While it has not always been easy to feel sorry for Vladimir Meciar’s Movement for a Democratic Society, this week’s FOCUS poll offers yet another way in which insult has added to injury.  I have waited for some time for the results of the October FOCUS poll and when it did not come out around the end of October, I guessed that the firm had waited for things to settle down rather than conduct a poll during the collapse of a government.  Yesterday’s early release of November numbers seemed to confirm that, but a look at the actual FOCUS press release reveals that they /did/ conduct an October poll and simply did not release it during the turmoil.  So now we have yet another set of numbers.  For the most part these are nothing interesting, falling roughly in between the numbers for September and those for November, but in one case they are quite different: in October 4.7% of respondents opted for Meciar’s HZDS.  Does this mean anything?    Probably not, since the month before it got 3% and the month after it got 2.5%.  But the only reason it was ignored is that we did not get the October numbers until after we got the November ones which showed October to be simply an irrelevant blip.
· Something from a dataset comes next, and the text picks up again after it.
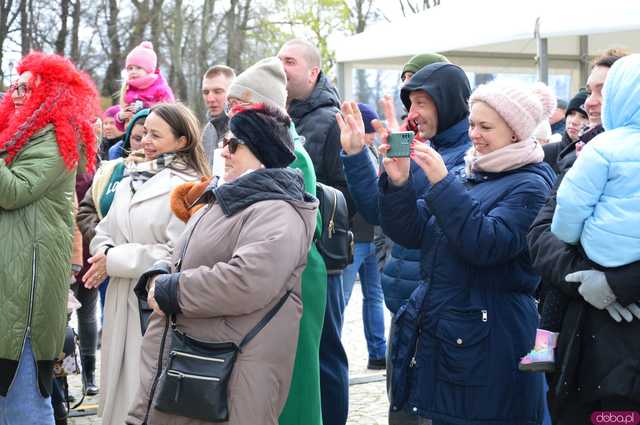 [FOTO] Nie zgadniecie, co przyciągnęło tyle osób na Jarmark Wielkanocny w Kamieńcu Ząbkowickim...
I take two things from this:

First, I have commented frequently on the tendency of the Slovak press (and to be fair, the press of any country) to treat polls as if they are a real, actual indicator of political attitude rather than simply a sample that must be understood in context of other samples.   The Slovak press ignores blips only if they are clearly just that, but without context we have a harder time knowing whether they are simply a blip.  With context, we can make a better judgement.  Had I in October received the news of a 4.7% score for HZDS, I would have looked at the numbers and said a) This is at least a full point out of line for HZDS for FOCUS polls and a reversal of the trendline and b) all of the other polls are mixed, showing either a small rise or none at all.  I hope I would then have said, “this is probably a blip” and then taken the easy way out by saying “time will tell.”  Had the Slovak press received this news in October, I would not have been surprised to read a headline saying “HZDS back in the game” (though to be fair the article might have contained somewhere below the fold a quotation from one of the usual suspects of Slovakia’s political commentary that said “this is probably just a blip but time will tell.”)

Second, I take from this a sign that HZDS simply cannot get a break these days:  after months of irrelevance its one (in-retrospect meaningless) piece of good news, a story that might have helped its chances at election (by persuading some people that it had a chance at election) gets wiped out by a change of government.  Alas.